_TASK STATEMENT_.
From the listing below, restate word for word the lines from the line containing "Appartement Frische Brise" down through the line containing "The Idea of You". Exclude pictures.

-- RECORDED INFORMATION follows --

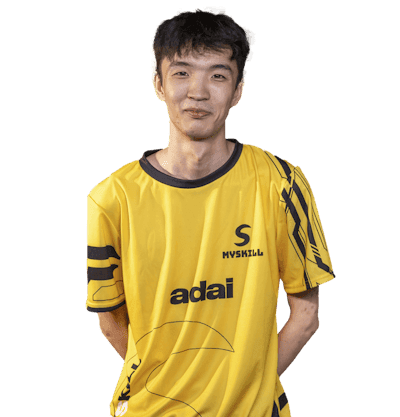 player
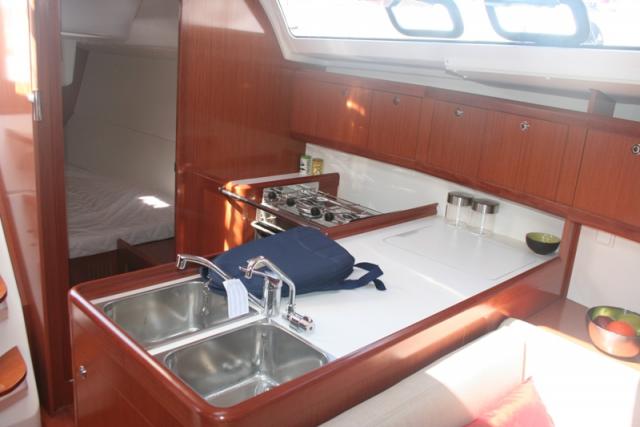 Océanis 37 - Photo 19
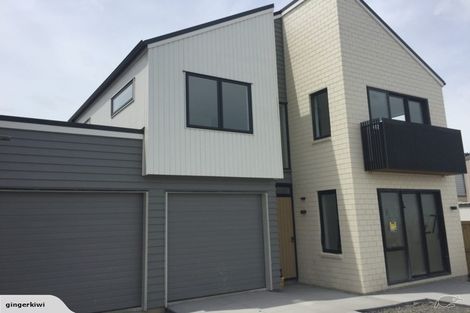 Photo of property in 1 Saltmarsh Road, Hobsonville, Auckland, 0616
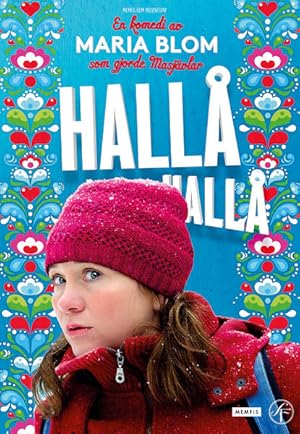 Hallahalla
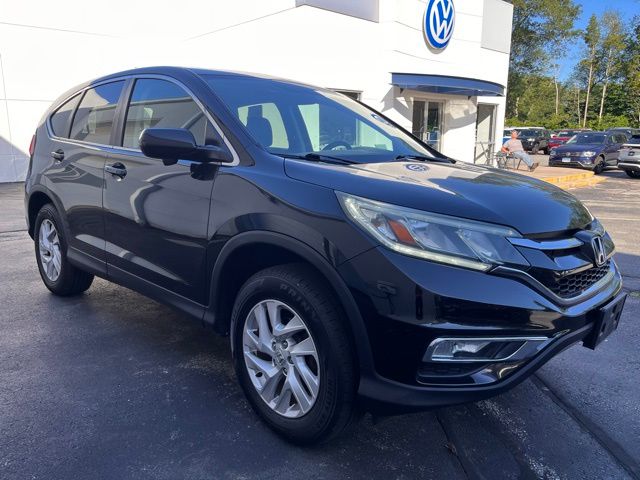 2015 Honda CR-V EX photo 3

-- RECORDED INFORMATION concluded --
-- RECORDED INFORMATION follows --

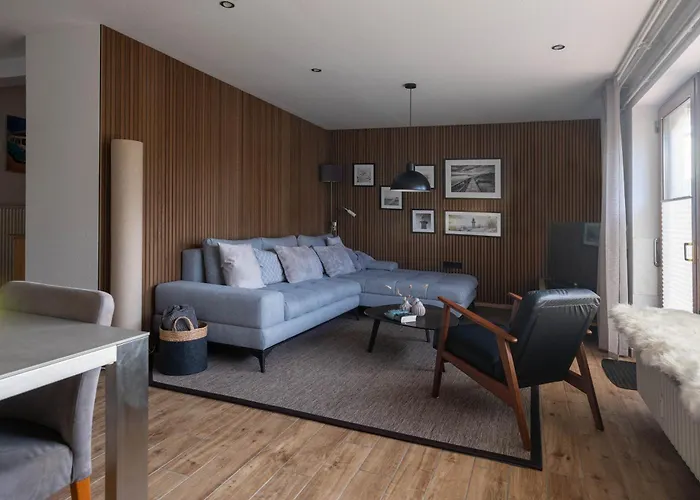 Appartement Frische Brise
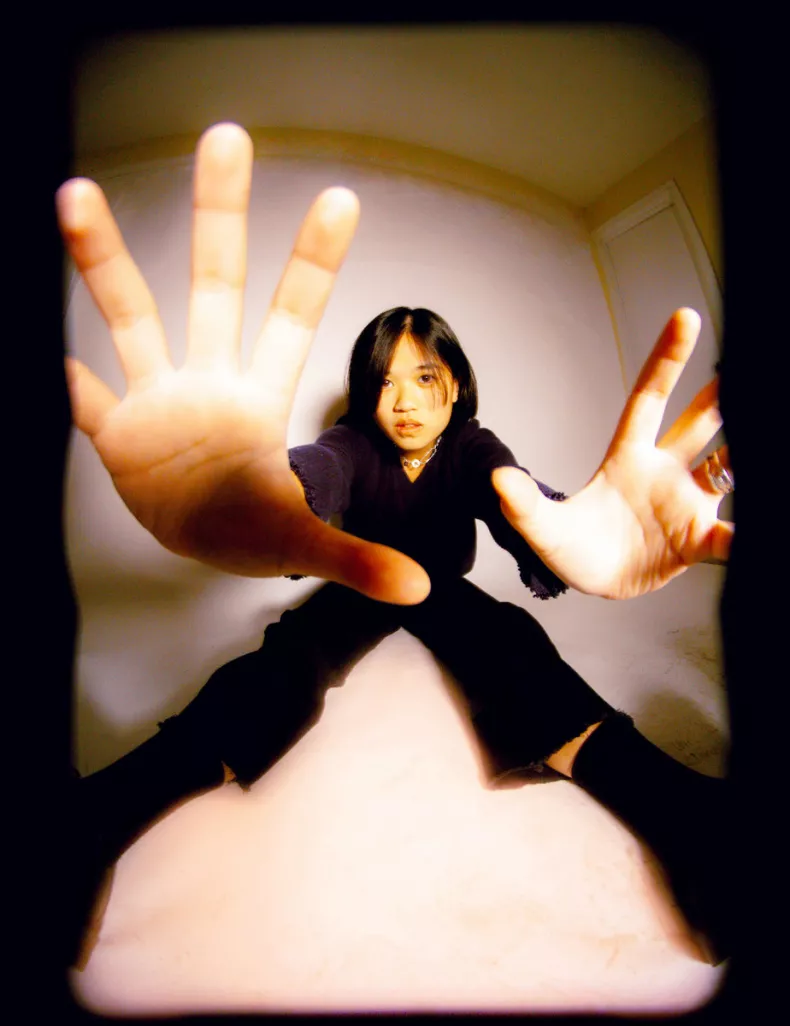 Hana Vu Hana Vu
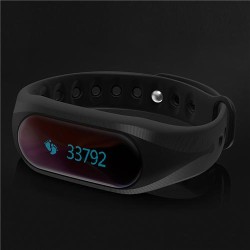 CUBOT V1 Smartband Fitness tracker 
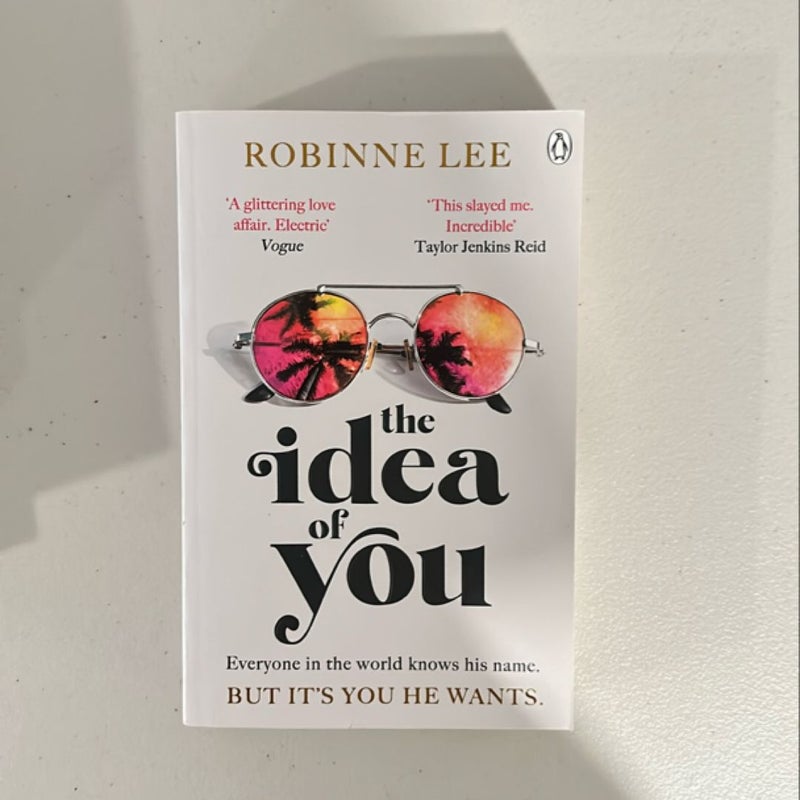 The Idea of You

-- RECORDED INFORMATION concluded --

_RESPONSE_.
 Appartement Frische Brise
 Hana Vu Hana Vu
 CUBOT V1 Smartband Fitness tracker 
 The Idea of You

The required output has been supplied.